La escena estuvo en mi mente todo el día, subió, bajó, dio cualquier tipo de vueltas dentro de esta estructura absurdamente sentimental que me sostiene y me derrumba, todavía, a pesar del rosario de años que ha alargado mi vida. Me quedo con la intimidad casi mística del momento, permanece en mí, en ese sitio que guarda el centro de mi centro donde está la niña que fui y que soy, con la canción enredada en mis labios.
La guitarra, el tono rosa de la imagen, impasible y luminoso. La ventana y su cascada de sol. La camita de hierro, los pies de la pequeña colgando -le falta crecer tanto para ponerlos sobre la tierra.- Dos trenzas oscuras, una sonrisa en su rostro redondo, su asombro de niña, tanta felicidad. Conecta con cada palabra, con la mirada y el mensaje de su papá. Un charro flacucho y tierno quien, al compás de su guitarra de calaca, pide en palabras de canción que lo recuerde. A pesar de la despedida, a pesar de la distancia. Sus ojos tristes saben del espacio inmenso que habrá de separarlos. Cuando escuche alguna guitarra triste -canta a su hija- ha de saber que aunque lejos, está con ella de la única forma que conoce, cantando su canción secreta.

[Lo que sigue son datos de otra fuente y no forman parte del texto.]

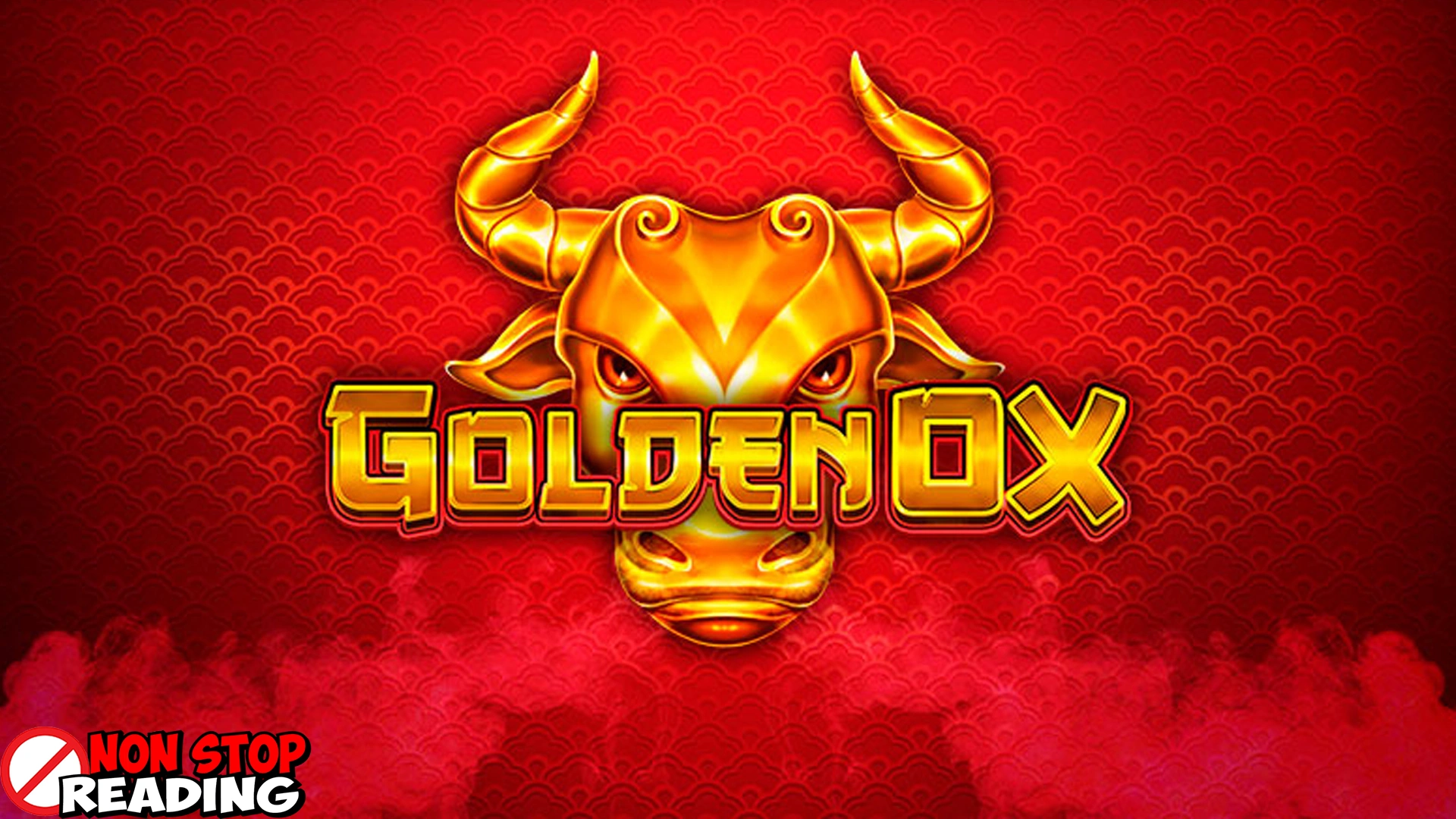 Golden Ox Dermawan Aktif Seketika 5 Now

Un muerto evoca con penar y nostalgia el momento cuando la anciana era niña y él le daba amor cantando. Robo su momento. Me conduce a mi muerto y a mí, niña aún, pies colgando. El mío no cantó para que lo recordara. No fue necesario, si lo encuentro en miles de canciones, en ventanas, en otros bigotes, en sus nietos, en preguntas sin respuesta … en una película animada.
Ver Coco me hizo añicos. También me reconstruyó. ¿Quién tuvo la brillante idea de recomendármela? ¿Quién, en esta etapa de abismal melancolía?
Hay películas que tocan fibras tan frágiles como el nudo mal hecho que, al soltarse, tira al suelo la precaria solidez que mantenemos. Lo bueno es darse cuenta y permitírnoslo. Ser fuerte puede ser agotador.